Data provided section start

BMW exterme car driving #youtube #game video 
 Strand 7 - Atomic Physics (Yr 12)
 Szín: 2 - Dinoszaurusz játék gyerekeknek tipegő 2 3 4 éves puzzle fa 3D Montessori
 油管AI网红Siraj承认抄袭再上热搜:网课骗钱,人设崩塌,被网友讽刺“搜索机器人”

Data provided section end

Exercise details ▸ Write out again, unchanged, every line from the line containing "Strand 7 - Atomic Physics (Yr 12)" to the final line of the material above.

Expected answer ▸
 Strand 7 - Atomic Physics (Yr 12)
 Szín: 2 - Dinoszaurusz játék gyerekeknek tipegő 2 3 4 éves puzzle fa 3D Montessori
 油管AI网红Siraj承认抄袭再上热搜:网课骗钱,人设崩塌,被网友讽刺“搜索机器人”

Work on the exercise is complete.